### Aim of the exercise
Produce word for word the lines of the data below running from the one that has "Obraz na płótnie" to the one that has "GobekUsa Rattan 2-Tier", inclusive, and no others.
----- Dataset content
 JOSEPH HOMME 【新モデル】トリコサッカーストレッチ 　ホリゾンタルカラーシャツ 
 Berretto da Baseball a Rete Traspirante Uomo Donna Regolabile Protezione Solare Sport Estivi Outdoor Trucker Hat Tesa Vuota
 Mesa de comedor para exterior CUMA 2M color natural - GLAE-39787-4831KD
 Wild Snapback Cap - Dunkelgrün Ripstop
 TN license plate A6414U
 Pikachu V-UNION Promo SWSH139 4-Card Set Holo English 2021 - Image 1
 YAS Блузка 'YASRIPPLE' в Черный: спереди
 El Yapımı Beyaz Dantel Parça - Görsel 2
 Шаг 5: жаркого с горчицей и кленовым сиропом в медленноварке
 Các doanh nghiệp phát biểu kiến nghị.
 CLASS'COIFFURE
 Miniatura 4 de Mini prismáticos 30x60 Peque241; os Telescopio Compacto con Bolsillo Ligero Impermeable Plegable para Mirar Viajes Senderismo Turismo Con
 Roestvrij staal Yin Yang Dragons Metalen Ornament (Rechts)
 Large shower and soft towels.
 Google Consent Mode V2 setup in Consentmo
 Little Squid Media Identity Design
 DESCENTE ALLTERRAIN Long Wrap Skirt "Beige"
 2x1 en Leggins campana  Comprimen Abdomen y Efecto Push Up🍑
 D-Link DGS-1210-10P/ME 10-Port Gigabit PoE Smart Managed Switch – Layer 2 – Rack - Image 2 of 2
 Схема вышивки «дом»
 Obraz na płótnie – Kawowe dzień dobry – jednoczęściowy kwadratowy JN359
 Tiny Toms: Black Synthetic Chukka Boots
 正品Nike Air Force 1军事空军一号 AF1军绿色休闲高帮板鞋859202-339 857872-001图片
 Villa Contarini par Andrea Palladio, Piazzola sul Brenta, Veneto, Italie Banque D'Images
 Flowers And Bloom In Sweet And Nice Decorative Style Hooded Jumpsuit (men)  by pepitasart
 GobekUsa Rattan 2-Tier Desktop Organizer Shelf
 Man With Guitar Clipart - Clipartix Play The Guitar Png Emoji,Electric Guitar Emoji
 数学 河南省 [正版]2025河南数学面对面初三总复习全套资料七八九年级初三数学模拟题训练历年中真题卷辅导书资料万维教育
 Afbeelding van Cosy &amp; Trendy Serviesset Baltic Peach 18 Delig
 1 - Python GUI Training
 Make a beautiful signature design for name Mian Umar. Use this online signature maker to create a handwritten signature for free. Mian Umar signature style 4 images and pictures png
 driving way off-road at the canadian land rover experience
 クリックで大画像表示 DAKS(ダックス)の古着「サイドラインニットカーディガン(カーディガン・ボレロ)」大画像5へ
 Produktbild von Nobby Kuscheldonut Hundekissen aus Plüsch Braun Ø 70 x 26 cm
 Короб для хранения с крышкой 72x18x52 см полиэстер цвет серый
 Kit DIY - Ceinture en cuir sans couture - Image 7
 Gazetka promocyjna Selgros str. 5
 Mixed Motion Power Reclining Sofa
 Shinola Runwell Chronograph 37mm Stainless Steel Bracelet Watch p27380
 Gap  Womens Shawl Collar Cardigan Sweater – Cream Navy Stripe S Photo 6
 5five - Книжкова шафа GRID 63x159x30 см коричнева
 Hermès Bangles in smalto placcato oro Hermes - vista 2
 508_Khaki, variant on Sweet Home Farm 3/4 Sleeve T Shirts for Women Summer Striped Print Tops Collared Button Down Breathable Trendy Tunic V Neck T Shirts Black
----------
### Result
 Obraz na płótnie – Kawowe dzień dobry – jednoczęściowy kwadratowy JN359
 Tiny Toms: Black Synthetic Chukka Boots
 正品Nike Air Force 1军事空军一号 AF1军绿色休闲高帮板鞋859202-339 857872-001图片
 Villa Contarini par Andrea Palladio, Piazzola sul Brenta, Veneto, Italie Banque D'Images
 Flowers And Bloom In Sweet And Nice Decorative Style Hooded Jumpsuit (men)  by pepitasart
 GobekUsa Rattan 2-Tier Desktop Organizer Shelf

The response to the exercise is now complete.